++++ MATERIAL PROVIDED ++++

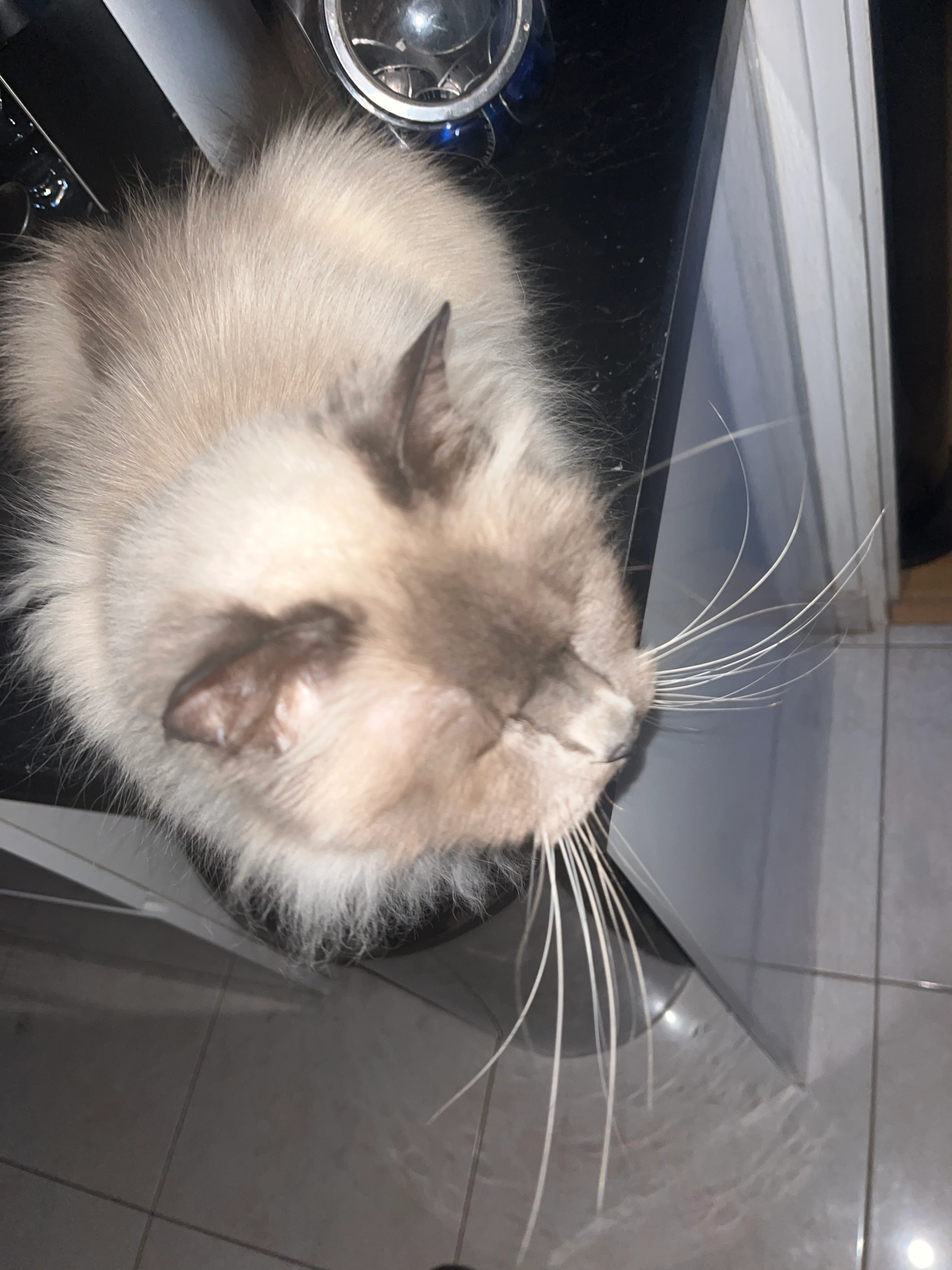 Maya  - Rue Béranger, Brest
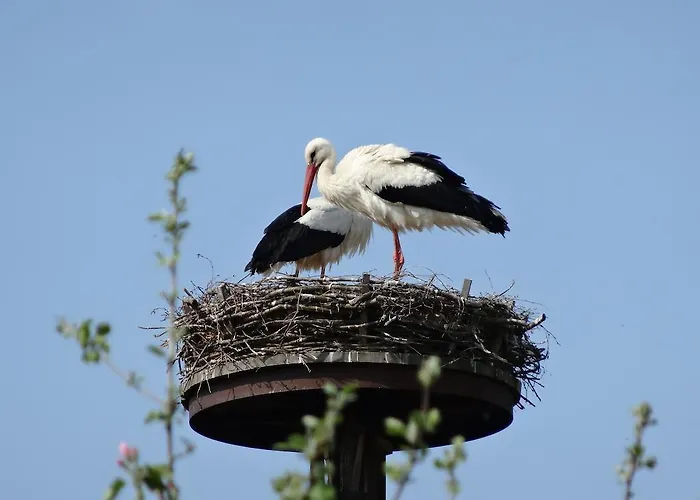 安姆埃尔伯拉德维格公寓 * Damnatz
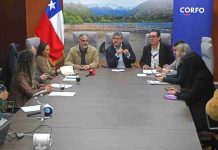 Transición hacia la economía regenerativa en empresas y emprendedores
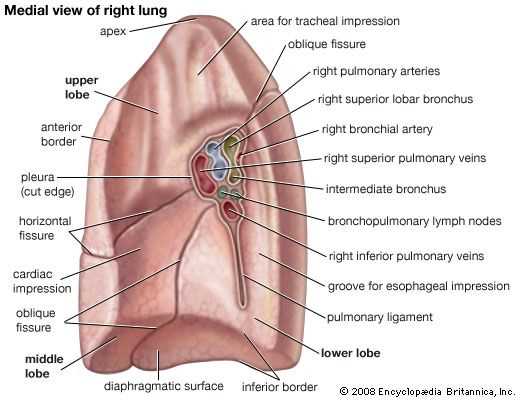 lung parts diagram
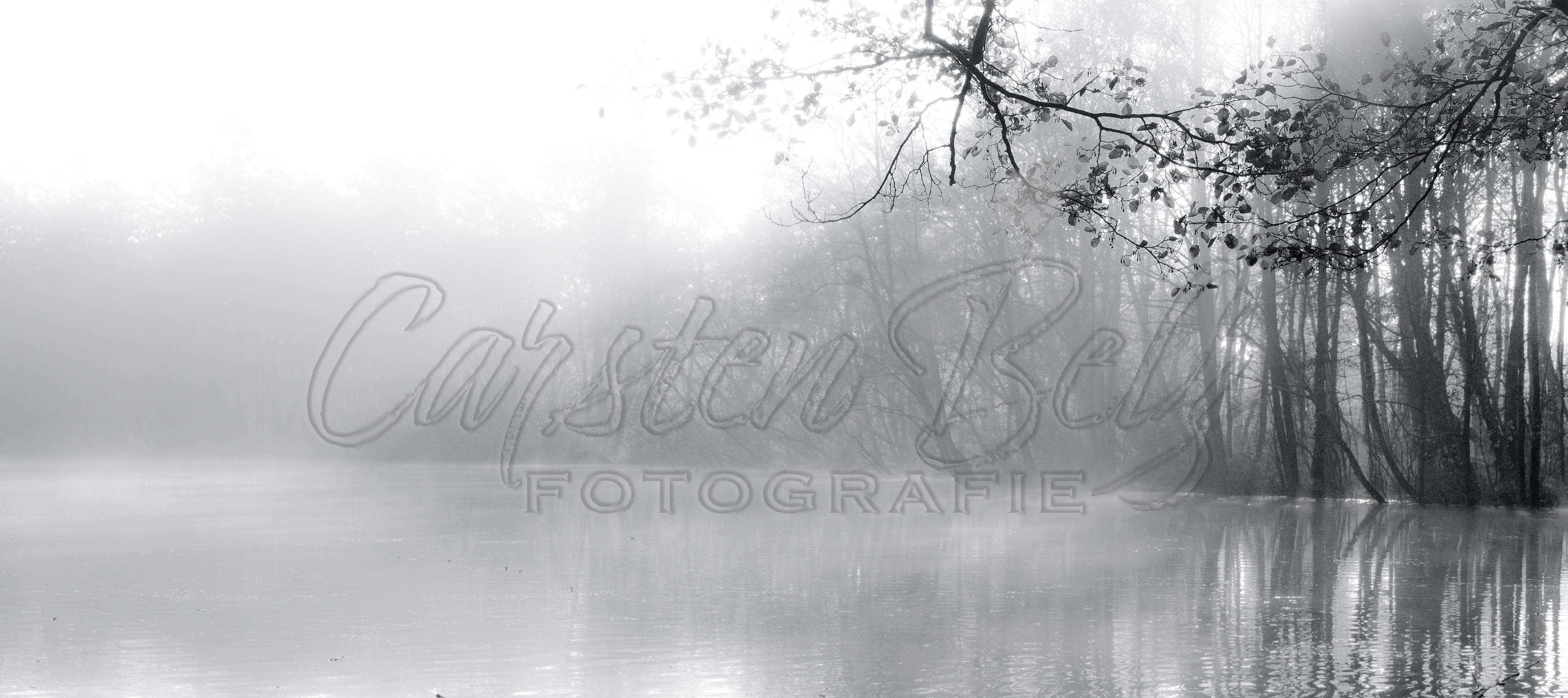 Herbstnebel über See 2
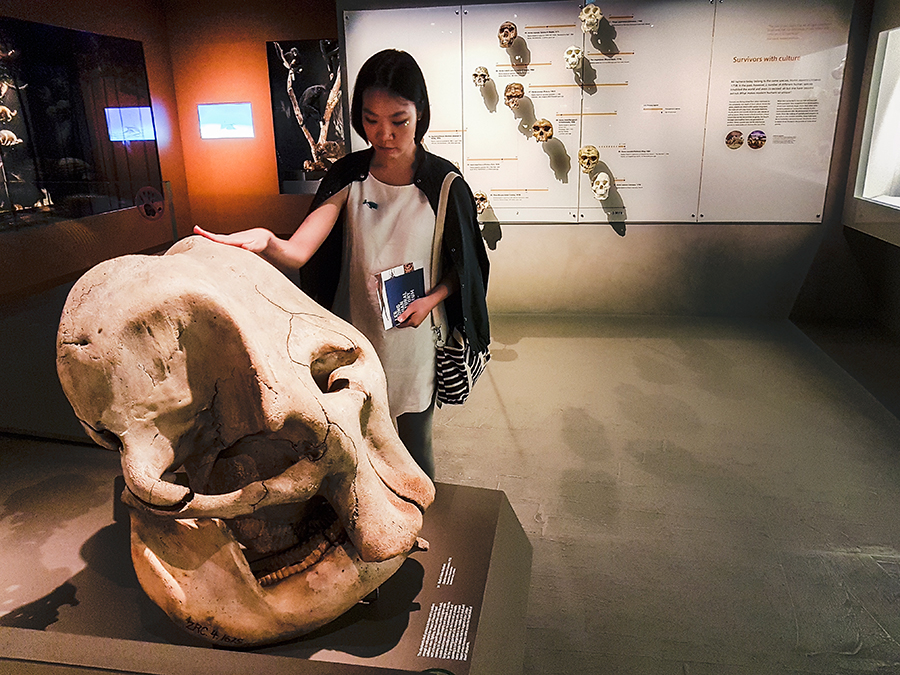 PX touching an interactive elephant skull at Lee Kong Chian Natural History Museum.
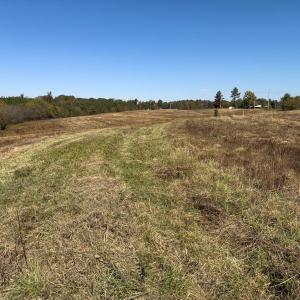 Photo #40 of Off Ephesus Church Road, Semora, NC 17.5 acres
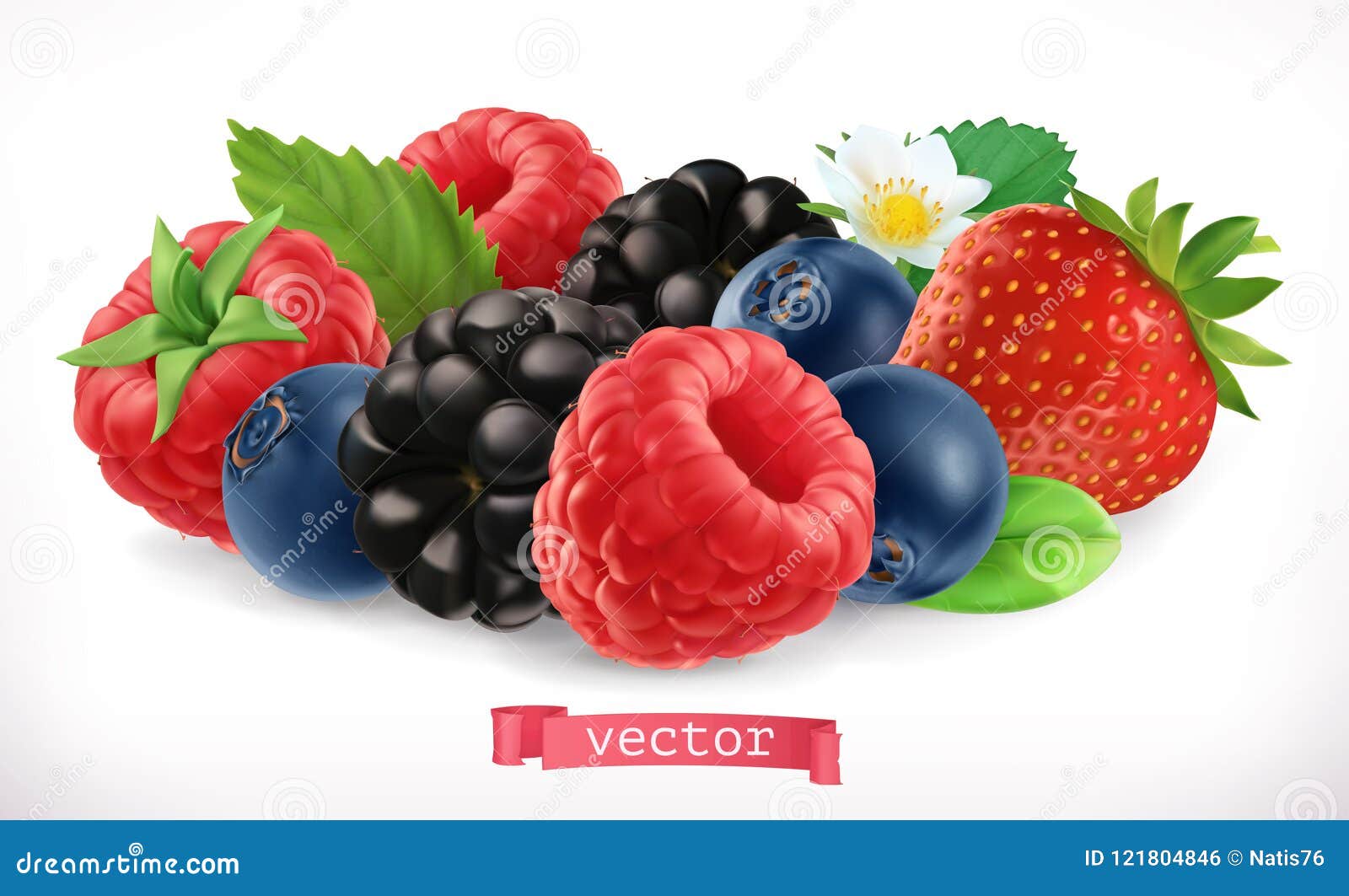 forest fruits and berries. raspberry, strawberry, blackberry and blueberry. 3d  icon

++++

WORK TO BE COMPLETED: Only the pictures may be dropped; print every record exactly as given.

ANSWER SECTION:
 Maya  - Rue Béranger, Brest
 安姆埃尔伯拉德维格公寓 * Damnatz
 Transición hacia la economía regenerativa en empresas y emprendedores
 lung parts diagram
 Herbstnebel über See 2
 PX touching an interactive elephant skull at Lee Kong Chian Natural History Museum.
 Photo #40 of Off Ephesus Church Road, Semora, NC 17.5 acres
 forest fruits and berries. raspberry, strawberry, blackberry and blueberry. 3d  icon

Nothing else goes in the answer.